Il faut se demander comment les petits éleveurs, qui survivent péniblement dans cet environnement hostile où ils ont cependant réussi à établir un équilibre précaire avec une nature encore relativement préservée (de nombreuses zones touchées par le rallye sont classées en zones naturelles protégées), réagiront au passage des concurrents. Plus préoccupantes encore seront les conséquences de l’après-rallye dans des régions où les habitats dispersés se trouvent bien souvent sur des tierras fiscales, des terres publiques. Les droits d’occupation attribués par les autorités prévoient que les habitants de ces terres peuvent les exploiter mais, comme ils n’en sont pas propriétaires, ils ne pourront pas bénéficier de dédommagements si elles sont affectées par le passage du rallye.

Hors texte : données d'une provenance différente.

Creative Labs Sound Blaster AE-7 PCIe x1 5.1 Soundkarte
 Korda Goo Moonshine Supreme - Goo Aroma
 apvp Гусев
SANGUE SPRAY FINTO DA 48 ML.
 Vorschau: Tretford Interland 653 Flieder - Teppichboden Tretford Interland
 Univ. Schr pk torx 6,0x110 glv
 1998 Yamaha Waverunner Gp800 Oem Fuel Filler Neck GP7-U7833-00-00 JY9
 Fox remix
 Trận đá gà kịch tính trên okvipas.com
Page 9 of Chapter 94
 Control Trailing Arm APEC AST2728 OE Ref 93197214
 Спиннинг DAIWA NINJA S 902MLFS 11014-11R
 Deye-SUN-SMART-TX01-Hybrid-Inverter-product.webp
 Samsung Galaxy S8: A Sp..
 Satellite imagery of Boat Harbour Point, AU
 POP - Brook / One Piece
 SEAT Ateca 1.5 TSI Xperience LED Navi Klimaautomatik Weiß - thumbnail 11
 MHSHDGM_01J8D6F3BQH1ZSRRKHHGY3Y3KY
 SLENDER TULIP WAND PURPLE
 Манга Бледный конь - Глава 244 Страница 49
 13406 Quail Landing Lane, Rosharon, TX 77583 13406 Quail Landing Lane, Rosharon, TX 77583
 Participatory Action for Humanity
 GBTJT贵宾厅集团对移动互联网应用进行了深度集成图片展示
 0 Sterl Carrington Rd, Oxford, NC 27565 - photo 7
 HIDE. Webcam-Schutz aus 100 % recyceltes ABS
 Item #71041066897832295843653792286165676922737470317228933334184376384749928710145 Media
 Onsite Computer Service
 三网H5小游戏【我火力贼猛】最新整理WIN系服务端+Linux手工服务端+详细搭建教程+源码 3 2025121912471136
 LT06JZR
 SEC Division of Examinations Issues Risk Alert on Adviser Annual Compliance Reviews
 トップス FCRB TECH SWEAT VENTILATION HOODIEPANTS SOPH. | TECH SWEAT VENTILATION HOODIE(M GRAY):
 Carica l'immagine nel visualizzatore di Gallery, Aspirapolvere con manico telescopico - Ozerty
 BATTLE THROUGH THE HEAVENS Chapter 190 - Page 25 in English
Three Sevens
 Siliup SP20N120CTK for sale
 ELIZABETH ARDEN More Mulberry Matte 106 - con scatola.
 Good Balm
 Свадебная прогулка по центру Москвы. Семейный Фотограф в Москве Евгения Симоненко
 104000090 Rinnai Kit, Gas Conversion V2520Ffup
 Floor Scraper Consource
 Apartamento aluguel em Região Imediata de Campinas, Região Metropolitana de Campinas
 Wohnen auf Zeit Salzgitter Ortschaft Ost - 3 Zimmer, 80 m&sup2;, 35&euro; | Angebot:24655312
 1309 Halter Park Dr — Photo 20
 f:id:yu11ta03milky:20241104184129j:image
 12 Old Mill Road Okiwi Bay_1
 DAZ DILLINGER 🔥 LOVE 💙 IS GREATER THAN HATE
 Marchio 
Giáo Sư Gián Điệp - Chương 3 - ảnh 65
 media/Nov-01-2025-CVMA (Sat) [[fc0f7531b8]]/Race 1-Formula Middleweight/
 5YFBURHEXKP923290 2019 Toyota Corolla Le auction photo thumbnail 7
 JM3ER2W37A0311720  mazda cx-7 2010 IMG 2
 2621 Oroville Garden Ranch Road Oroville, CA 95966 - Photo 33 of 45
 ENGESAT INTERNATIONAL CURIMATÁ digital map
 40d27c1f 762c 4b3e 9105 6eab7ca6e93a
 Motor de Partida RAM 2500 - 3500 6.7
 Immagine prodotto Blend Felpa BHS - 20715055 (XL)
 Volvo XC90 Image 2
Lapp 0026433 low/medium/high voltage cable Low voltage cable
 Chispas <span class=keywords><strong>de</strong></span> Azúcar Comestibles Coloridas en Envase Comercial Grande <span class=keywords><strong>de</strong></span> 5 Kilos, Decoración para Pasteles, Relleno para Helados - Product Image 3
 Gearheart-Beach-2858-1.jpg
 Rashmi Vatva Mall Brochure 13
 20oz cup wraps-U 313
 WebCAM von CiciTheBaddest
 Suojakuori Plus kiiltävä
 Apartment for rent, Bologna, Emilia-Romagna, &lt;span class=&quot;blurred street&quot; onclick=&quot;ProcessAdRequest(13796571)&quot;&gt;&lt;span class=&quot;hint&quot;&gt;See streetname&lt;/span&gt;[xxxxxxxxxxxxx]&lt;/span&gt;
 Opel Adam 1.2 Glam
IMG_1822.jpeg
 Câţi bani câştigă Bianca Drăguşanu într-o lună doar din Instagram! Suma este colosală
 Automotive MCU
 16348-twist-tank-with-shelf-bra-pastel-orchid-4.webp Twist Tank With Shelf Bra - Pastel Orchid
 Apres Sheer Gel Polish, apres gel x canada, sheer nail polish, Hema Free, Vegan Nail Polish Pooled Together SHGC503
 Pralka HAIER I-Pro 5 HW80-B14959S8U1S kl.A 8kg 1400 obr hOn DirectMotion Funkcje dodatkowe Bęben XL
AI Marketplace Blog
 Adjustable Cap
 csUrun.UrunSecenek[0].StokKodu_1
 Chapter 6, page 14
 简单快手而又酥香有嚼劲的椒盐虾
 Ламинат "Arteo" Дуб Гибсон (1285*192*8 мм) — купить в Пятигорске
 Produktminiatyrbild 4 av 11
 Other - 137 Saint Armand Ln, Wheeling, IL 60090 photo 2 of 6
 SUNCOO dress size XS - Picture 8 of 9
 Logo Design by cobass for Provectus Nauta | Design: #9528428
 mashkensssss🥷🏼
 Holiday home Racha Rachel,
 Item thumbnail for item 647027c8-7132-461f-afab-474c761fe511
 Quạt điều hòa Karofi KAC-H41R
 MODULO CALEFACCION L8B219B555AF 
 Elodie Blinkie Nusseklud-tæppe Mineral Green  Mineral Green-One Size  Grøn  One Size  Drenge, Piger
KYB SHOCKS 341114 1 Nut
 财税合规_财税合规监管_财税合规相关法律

Dans la ville de Neuquén, la population semble plutôt contente de voir arriver une course internationale. «Nous sommes très contents que des gens viennent du monde entier pour connaître notre pays», disait une personne interrogée par la télévision à Buenos Aires. Les différences de point de vue autour du rallye me rappellent la typologie des populations de Patagonie par un ami argentin. Il considère la classe moyenne, issue dans sa grande majorité de vagues d’immigrants en provenance d’autres provinces plus septentrionales de l’Argentine, comme porteuse d’une «identité prostituée». Ces personnes sont arrivées en Patagonie durant la deuxième moitié du XXe siècle pour y occuper les positions supérieures dans l’administration, l’industrie et les services. Patagon convaincu, mon ami évoque une certaine lassitude à les écouter rêver de Buenos Aires, la grande ville, ainsi que d’impossibles voyages vers l’Europe. Une Europe mythifiée où ils projettent leurs racines: ils sont des descendants d’Européens et ne l’oublient pas! Ils seraient capables de prostituer leur âme pour partir, sortir, fuir la Patagonie, explique mon ami. Alors le Dakar, pour eux, c’est le pied! C’est l’Europe, le monde, devant leur porte, chez eux. Ils iront admirer les véhicules, regarder les étrangers - des vrais - tout en s’essayant à quelques mots d’anglais, de français ou d’allemand. Les autres, les Patagons, les vrais, se divisent, toujours selon mon ami, entre des ouvriers ou exploitants agricoles fiers de leurs origines tant argentines que patagones et des autochtones, les Indiens mapuche. La frange rurale de ces deux catégories sera vraisemblablement celle qui payera le plus fort tribut au Dakar. Il ne reste qu’à enfermer les troupeaux en attendant que ne retombent les volutes de terres soulevées par les bolides.